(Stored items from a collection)
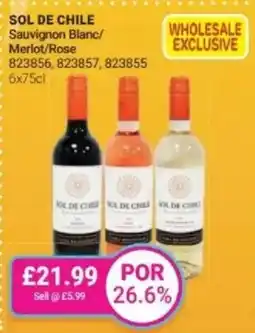 Bestway SOL DE CHILE Sauvignon Blanc/ Merlot/Rose offer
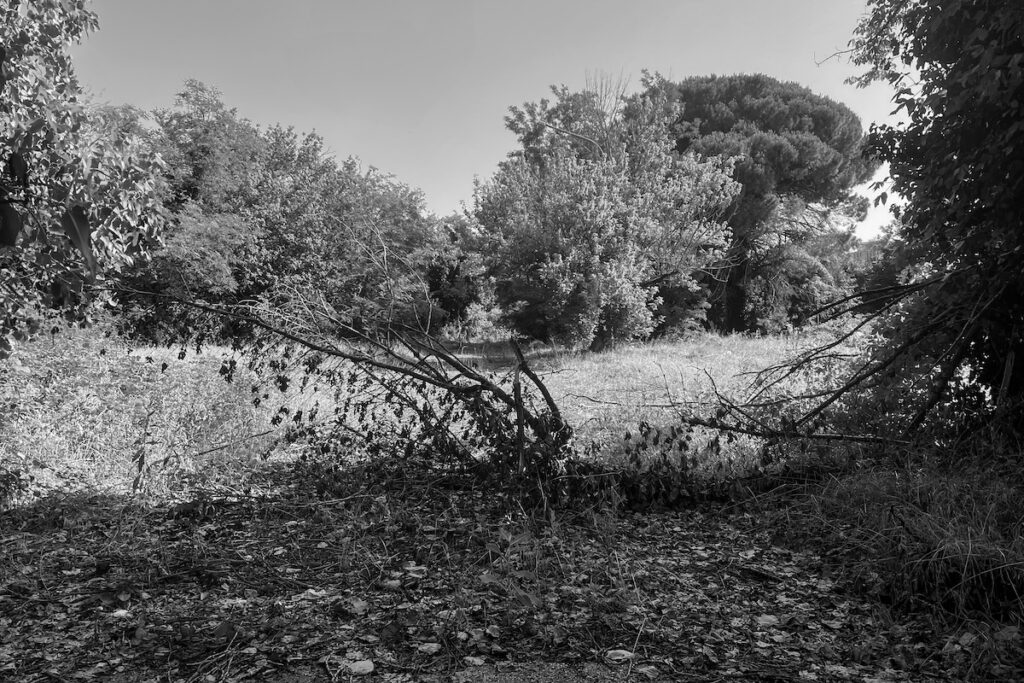 La natura vince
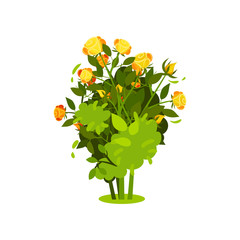 Flat vector icon of bush with bright yellow-orange roses and green leaves. Shrub with beautiful flowers. Garden plant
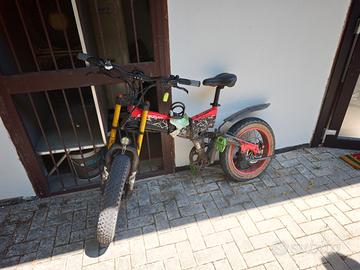 Bici elettrica Lankaleisi X3000 plus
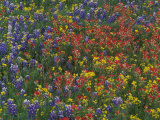 Texas Paintbrush and Bluebonnets with Low Bladderpod  Hill Country  Texas  USA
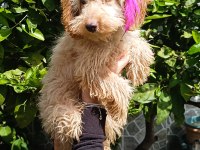 5 aylık tüm aşıları tam maltipoo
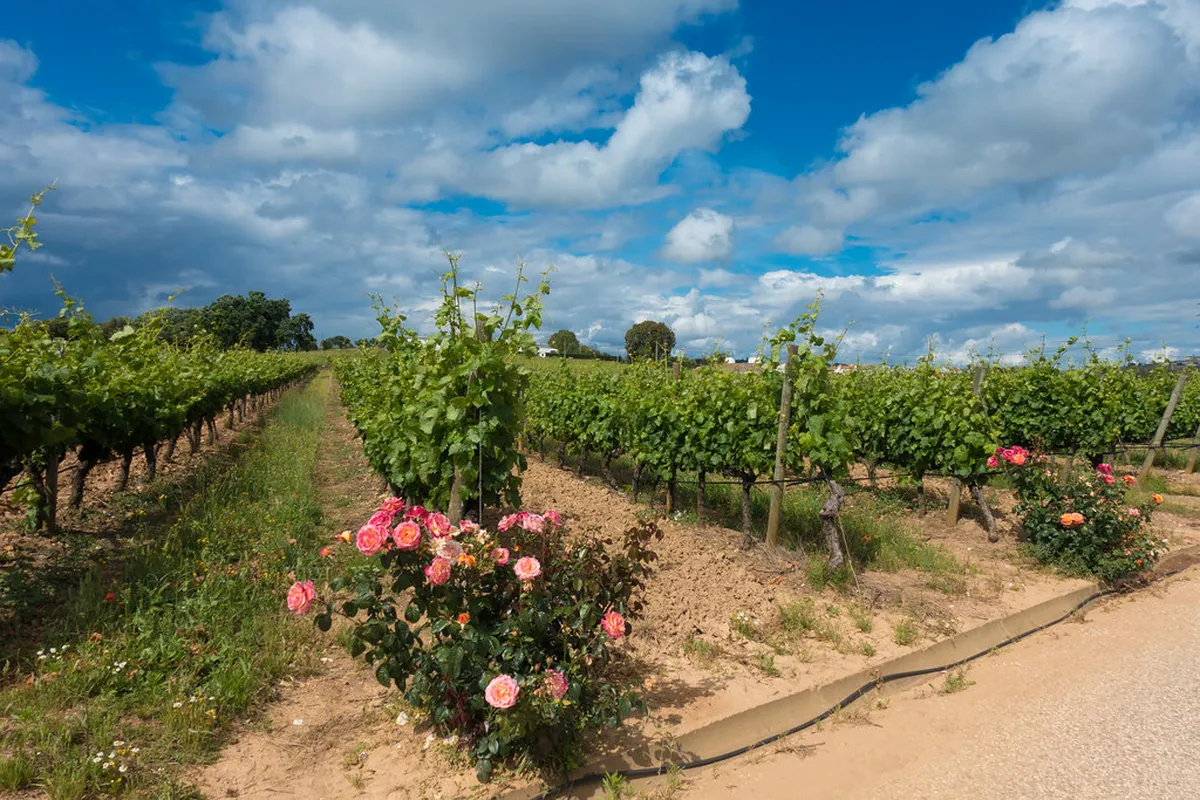 Museums, Art, and Culture in Évora Wine: in Évora, Portugal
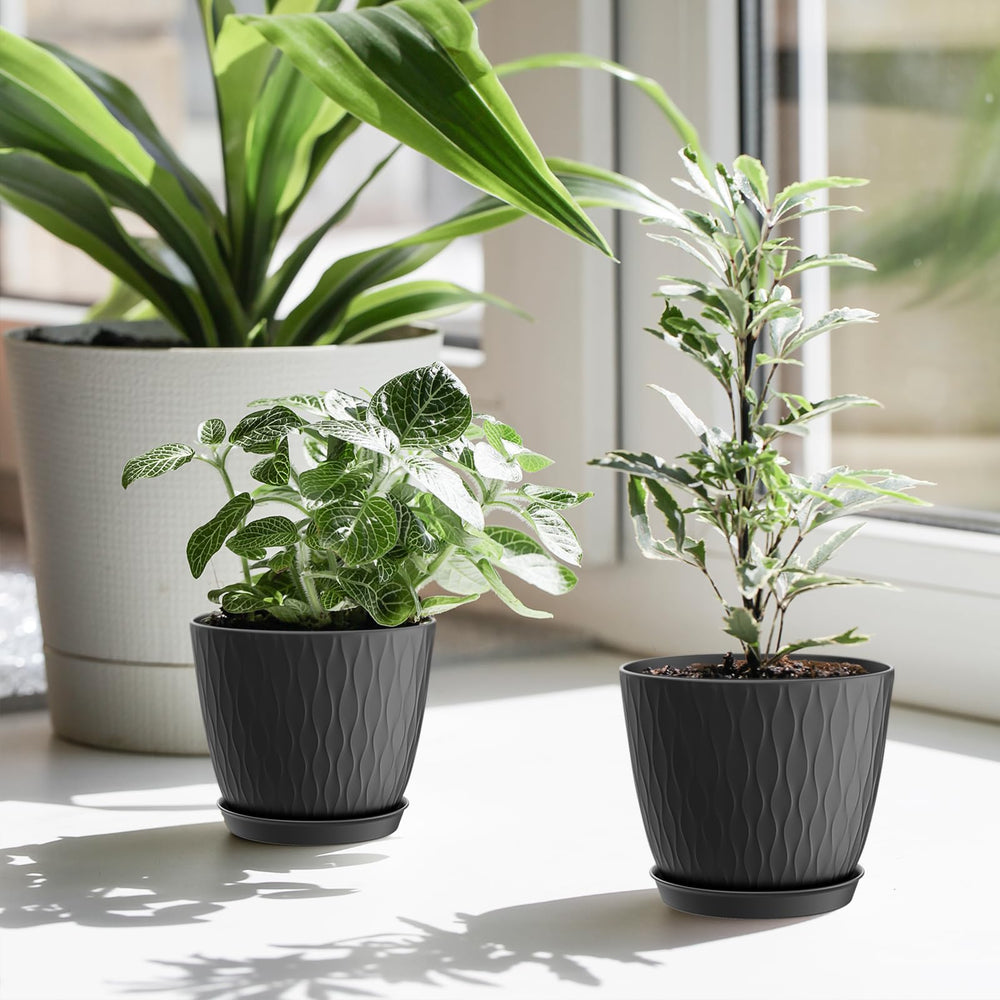 WSMKSZ 6 inch black plant pots showcasing drainage design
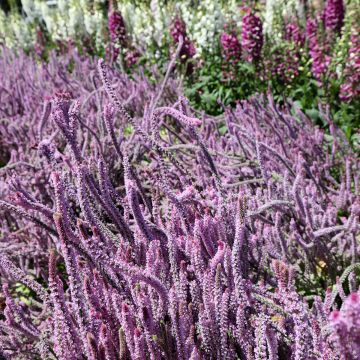 Graines de Statice à feuilles sinueuses Pacific en mélange - Limonium sinuatum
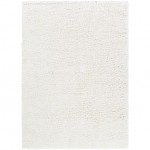 Surya California Shag CAF-2306 5'3" x 7'3" Rug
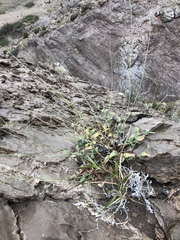 Boerhavia anisophylla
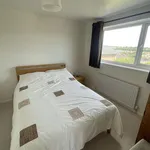 Rent 3 bedroom house in Sheffield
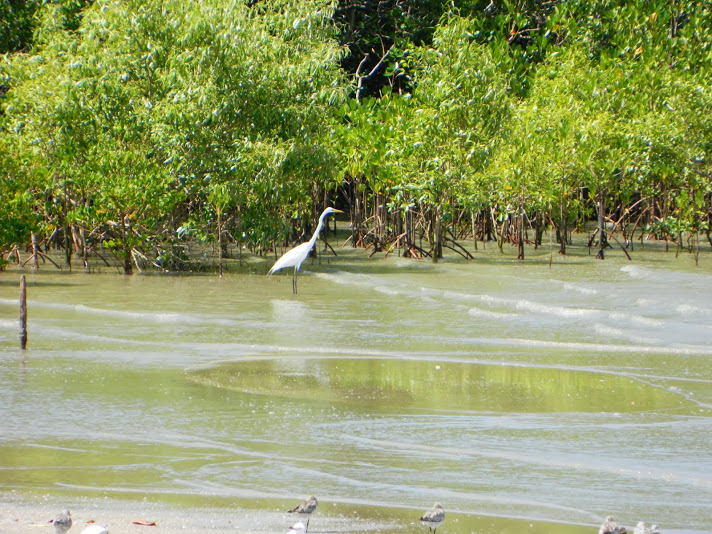 DSCN3841.JPG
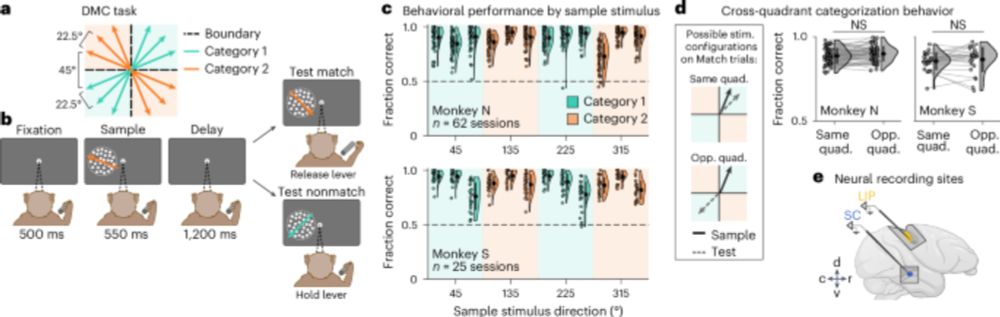 Primate superior colliculus is causally engaged in abstract higher-order cognition - Nature Neuroscience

WHAT THE EXERCISE ASKS: Transcribe the records verbatim, excluding pictures.

TASK RESULT:
 Bestway SOL DE CHILE Sauvignon Blanc/ Merlot/Rose offer
 La natura vince
 Flat vector icon of bush with bright yellow-orange roses and green leaves. Shrub with beautiful flowers. Garden plant
 Bici elettrica Lankaleisi X3000 plus
 Texas Paintbrush and Bluebonnets with Low Bladderpod  Hill Country  Texas  USA
 5 aylık tüm aşıları tam maltipoo
 Museums, Art, and Culture in Évora Wine: in Évora, Portugal
 WSMKSZ 6 inch black plant pots showcasing drainage design
 Graines de Statice à feuilles sinueuses Pacific en mélange - Limonium sinuatum
 Surya California Shag CAF-2306 5'3" x 7'3" Rug
 Boerhavia anisophylla
 Rent 3 bedroom house in Sheffield
 DSCN3841.JPG
 Primate superior colliculus is causally engaged in abstract higher-order cognition - Nature Neuroscience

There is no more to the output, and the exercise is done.